Yesterday, Apple did its big announcement of the Ipad 2. Basically, after all is said and done, it’s the original iPad with a few extra bells and whistles. Or the same bells and whistles, but they made the bells chime longer and the whistles a little louder. What was probably more interesting was the fact that Apple is so paranoid about the people that will be replacing Steve Jobs when he retires/dies that they brought Jobs out of sick leave to make his usual announcement. This does not bode well for the future of Apple if they can’t even let the man rest long enough and let his successors actually try to succeed.

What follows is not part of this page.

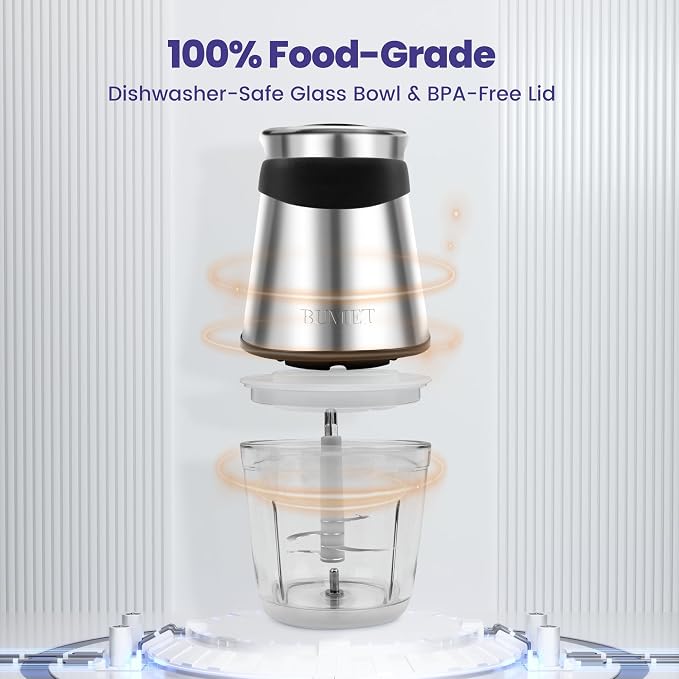 BUMET Electric Food Processor Vegetable Chopper 500W with 2.5 Cup Glass Bowl and Stainless Steel 4 Blades Cutter Mini Food Chopper for Home Use, Mincing, and Puree for Kitchen Aid, Baby Food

Having said all of that, I thought I would then address the Ipad 2 itself. Without getting into the details of the device, like it has the whole camera thing, supposedly a better screen (that might not be immediately available) and, well, nothing else that makes me want to go out and buy one. What is significant about the Ipad itself is that nothing announced so far has me anxious to want to go out and buy one. Yeah, I’ve been in Best Buy a few times where I’ve played with one to see how cool it is, but after I’m done playing with it, I realize that it doesn’t do anything that I don’t already have covered. And unlike my iPhone, it doesn’t combine enough OTHER things that I might want to add it to my toys to replace stuff that has become too encompassing.
And that is definitely the problem of the Ipad. There’s nothing about it that causes me to think it’s worth buying an actual tablet computer. And that’s the problem that Apple is facing in the long haul. Right now, it owns the tablet market, but it is still trying to build a “need” rather than a curiosity for that market. In olden days, when every house has an oven, there was this new device called the microwave oven. And it took a lot of convincing to “convince” housewives that they needed the gadget because an oven was capable of doing everything the new device could do. However, a media campaign that could have riveled the attack at D-Day managed to convince the average American that it was now a need, not a curiosity, or something for the rich only.
That is what the tablet still has to do, and it’s not succeeding. Sure, Apple is selling a lot, but Apple sells a lot of a lot of things that don’t become household givens. Until tablet companies do something that convinces the average person, like me, that we should want and need one of these gadgets, most of us are going to be sitting on the sidelines laughing at the people who bought one but still have no major need for one.
That is the press conference that Apple needs to succeed at. So far, they haven’t done it. As a matter of fact, Apple has recently done everything possible to destroy its own little niche market by trying to own that market completely through draconian rules and charges that benefit Apple only, cutting out other companies from investing in the Apple dynasty. As long as that keeps happening, you’re going to have a lot of people thinking, well maybe I don’t need the Apple one, so they’ll look at the other companies and then suddenly realize they don’t need a tablet at all. So far, the tablet hasn’t been the success that spin doctors really want you to think it is. The majority of Americans haven’t bought into it. A lot of people have, but a lot of people doesn’t translate to market saturation or even market itemization. It’s a gimmick right now, and as long as it remains in that category, it’s going to stay a gimmick.
Now, I know there are people reading this who are thinking, “hey, I bought one and I love it.” That’s fine, but you’re the outliers right now who Apple and tablet companies want to use to convince everyone else that their product is relevant. So, you need to start doing that and earning your pay you’re not receiving from a company that wants to get as much money out of you as possible by limiting your options in getting the best bang from your product. So do their dirty work for them. That’s kind of how the game works. For them. Be the tool they need you to be.